### ASSIGNED TASK
The material below should be copied line for line, please, with pictures omitted.

### RECORDS FOR THE EXERCISE
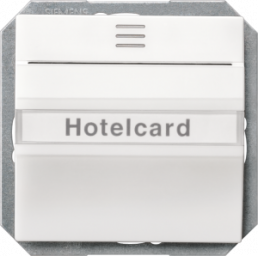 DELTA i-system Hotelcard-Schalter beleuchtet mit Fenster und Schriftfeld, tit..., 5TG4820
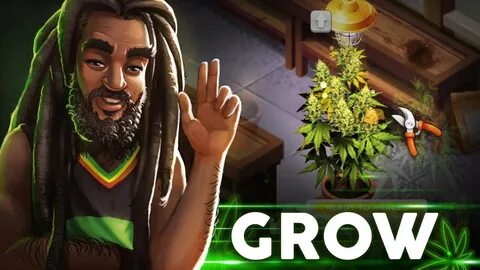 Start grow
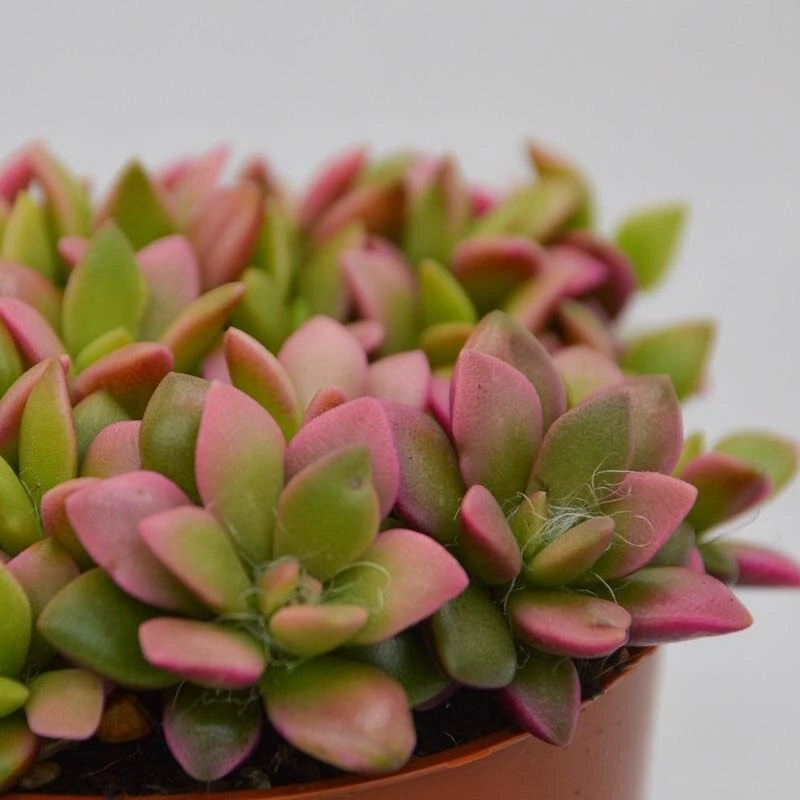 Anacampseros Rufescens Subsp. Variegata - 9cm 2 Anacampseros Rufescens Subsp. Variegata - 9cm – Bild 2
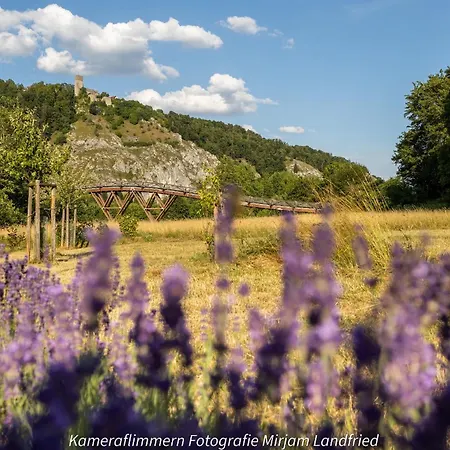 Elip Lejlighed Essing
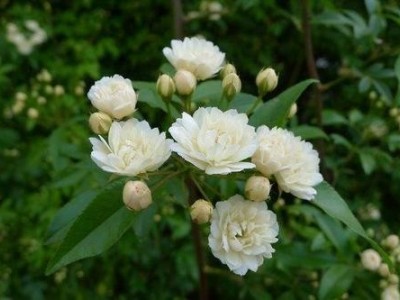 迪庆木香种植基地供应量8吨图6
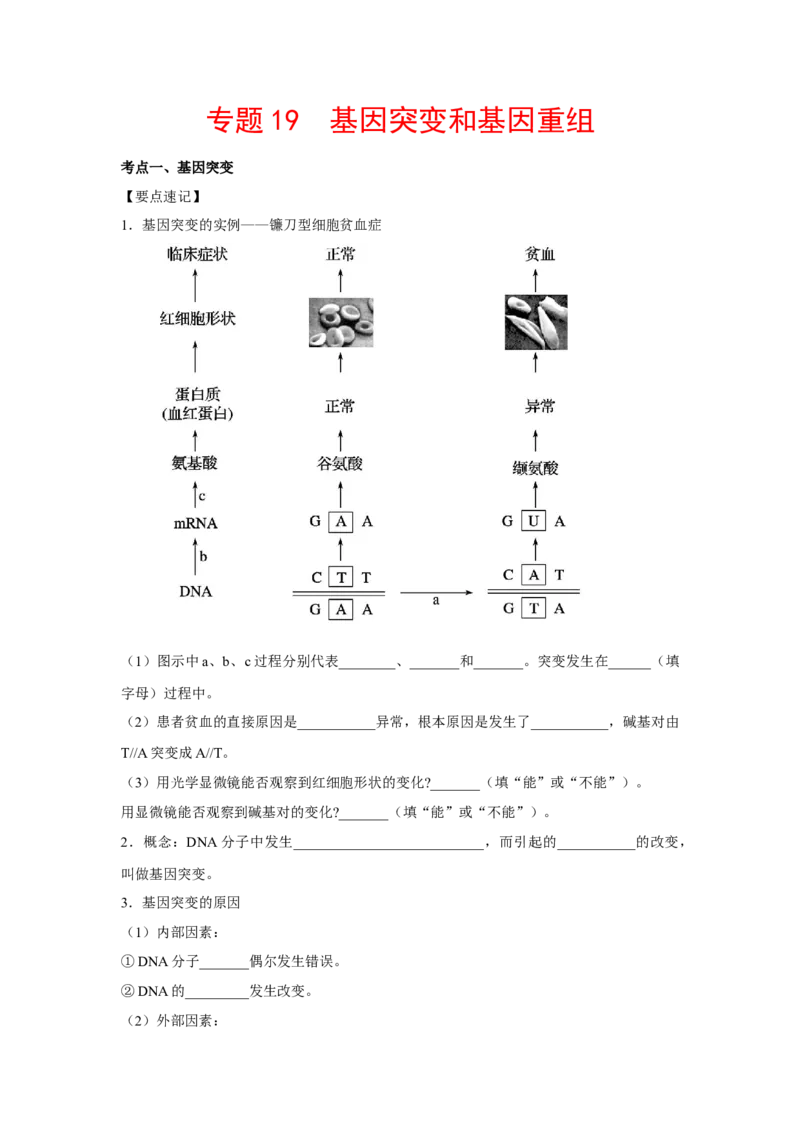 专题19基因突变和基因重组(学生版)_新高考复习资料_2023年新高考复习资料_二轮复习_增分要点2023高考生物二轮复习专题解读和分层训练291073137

### WRITTEN ANSWER
 DELTA i-system Hotelcard-Schalter beleuchtet mit Fenster und Schriftfeld, tit..., 5TG4820
 Start grow
 Anacampseros Rufescens Subsp. Variegata - 9cm 2 Anacampseros Rufescens Subsp. Variegata - 9cm – Bild 2
 Elip Lejlighed Essing
 迪庆木香种植基地供应量8吨图6
 专题19基因突变和基因重组(学生版)_新高考复习资料_2023年新高考复习资料_二轮复习_增分要点2023高考生物二轮复习专题解读和分层训练291073137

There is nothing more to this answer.